# [Try it]
No pictures, please. Output the lines from the start of the data through the line that contains "In conclusion, the", both included, exactly as they stand.
--- Information provided ---
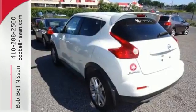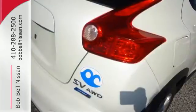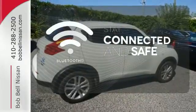Inside you'll find a groovy layout with all the features you need, like power windows, locks, and mirrors, Bluetooth, and cruise control. Bluetooth wireless technology keeps you in command and in touch.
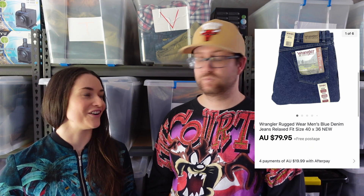Next up were these Wrangler Rugged Wear New With Tags jeans that we actually picked up in Darwin — if you haven't seen that video, go and check it out. We paid $9.80 for those, sold them for $79.95, and made $50.16 within a couple of weeks. That was so fast. Pretty good for thrifting on holiday.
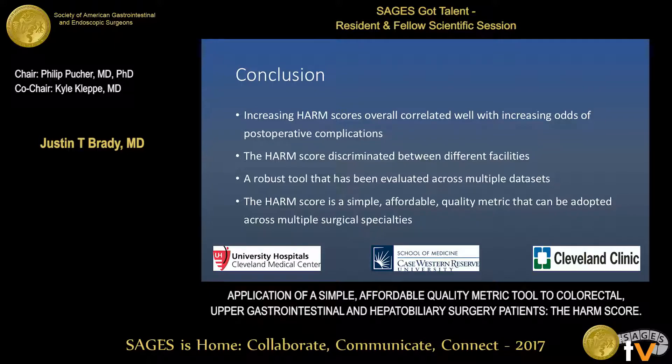In conclusion, the HARM score correlated well with increasing odds of postoperative complications. It was able to discriminate between different facilities, and it is a robust tool that has been validated using both community hospitals and academic medical centers across multiple datasets, consistently correlating with postoperative complications and outcomes. In summary, the HARM score is a simple, affordable quality metric that can be adopted across multiple surgical specialties.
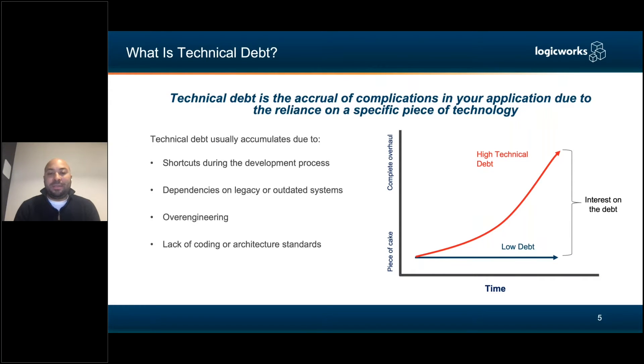Let's talk about technical debt. Technical debt is the accrual or accumulation of complications or challenges in your application due to a reliance on a specific piece of technology or component. It usually accumulates due to shortcuts during development — maybe you needed to get a feature to market quickly, so you cut corners. Or you have dependencies on legacy or outdated systems, like an ancient SQL server running Server 2000 that you've been tied to for 10 years.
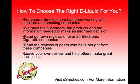So how do you choose the right eLiquid for you? For years, eSmokes.com has been working with smokers and smoking companies to find the best electronic cigarettes on the market that use these two types of eLiquid. Based on customer feedback, the products themselves, and information from these companies, we have compiled over 25 electronic cigarette reviews to help you make an informed decision.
---
# [Result of the exercise]
Inside you'll find a groovy layout with all the features you need, like power windows, locks, and mirrors, Bluetooth, and cruise control. Bluetooth wireless technology keeps you in command and in touch.
Next up were these Wrangler Rugged Wear New With Tags jeans that we actually picked up in Darwin — if you haven't seen that video, go and check it out. We paid $9.80 for those, sold them for $79.95, and made $50.16 within a couple of weeks. That was so fast. Pretty good for thrifting on holiday.
In conclusion, the HARM score correlated well with increasing odds of postoperative complications. It was able to discriminate between different facilities, and it is a robust tool that has been validated using both community hospitals and academic medical centers across multiple datasets, consistently correlating with postoperative complications and outcomes. In summary, the HARM score is a simple, affordable quality metric that can be adopted across multiple surgical specialties.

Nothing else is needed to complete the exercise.